--- Exercise instructions ---
No pictures belong in the copy. Retype exactly, and only, the stretch of lines below from the one with "Razer Basilisk V3" through the one with "5-Cube Toy Storage".

--- Excerpted data ---

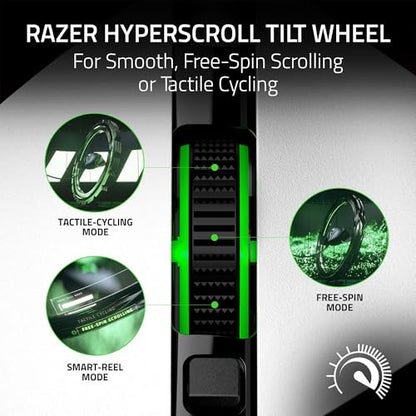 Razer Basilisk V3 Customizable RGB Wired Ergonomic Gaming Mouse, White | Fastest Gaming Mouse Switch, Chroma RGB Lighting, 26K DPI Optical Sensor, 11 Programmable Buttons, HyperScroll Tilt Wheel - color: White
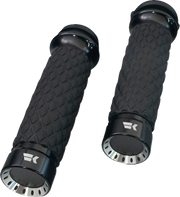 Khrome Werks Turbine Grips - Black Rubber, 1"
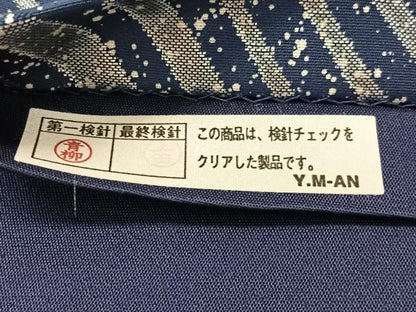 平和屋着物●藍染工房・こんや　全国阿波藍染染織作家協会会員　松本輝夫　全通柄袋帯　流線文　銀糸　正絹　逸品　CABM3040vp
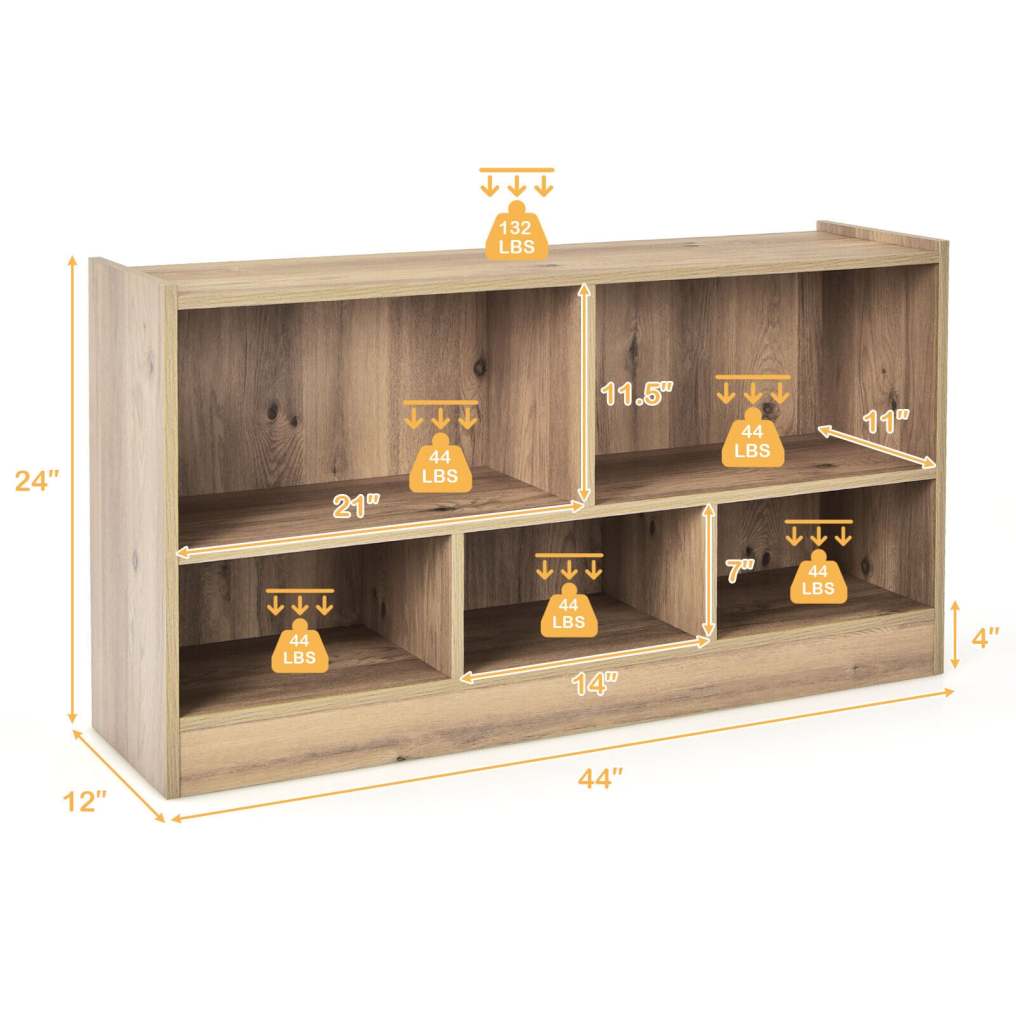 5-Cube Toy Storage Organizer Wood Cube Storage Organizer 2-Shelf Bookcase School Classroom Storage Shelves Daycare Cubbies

---

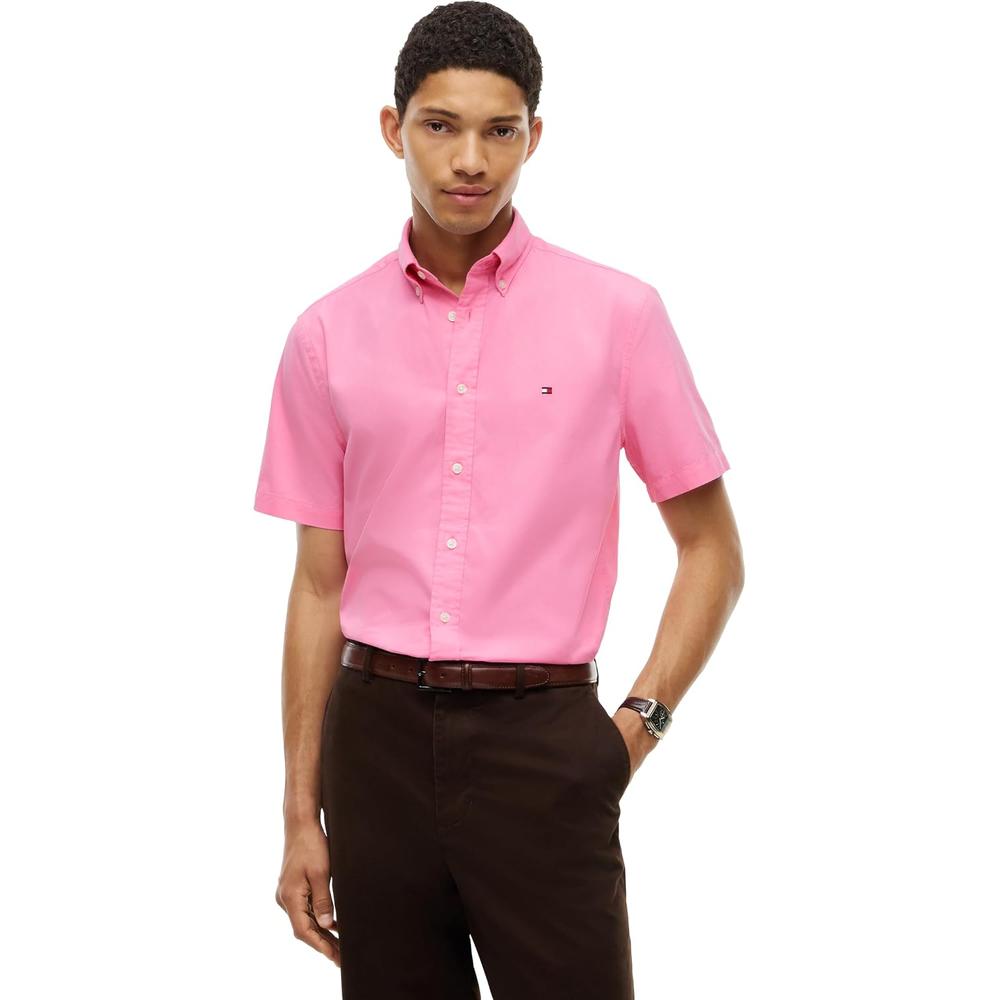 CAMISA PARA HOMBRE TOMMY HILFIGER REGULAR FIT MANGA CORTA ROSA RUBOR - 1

--- Written answer ---
 Razer Basilisk V3 Customizable RGB Wired Ergonomic Gaming Mouse, White | Fastest Gaming Mouse Switch, Chroma RGB Lighting, 26K DPI Optical Sensor, 11 Programmable Buttons, HyperScroll Tilt Wheel - color: White
 Khrome Werks Turbine Grips - Black Rubber, 1"
 平和屋着物●藍染工房・こんや　全国阿波藍染染織作家協会会員　松本輝夫　全通柄袋帯　流線文　銀糸　正絹　逸品　CABM3040vp
 5-Cube Toy Storage Organizer Wood Cube Storage Organizer 2-Shelf Bookcase School Classroom Storage Shelves Daycare Cubbies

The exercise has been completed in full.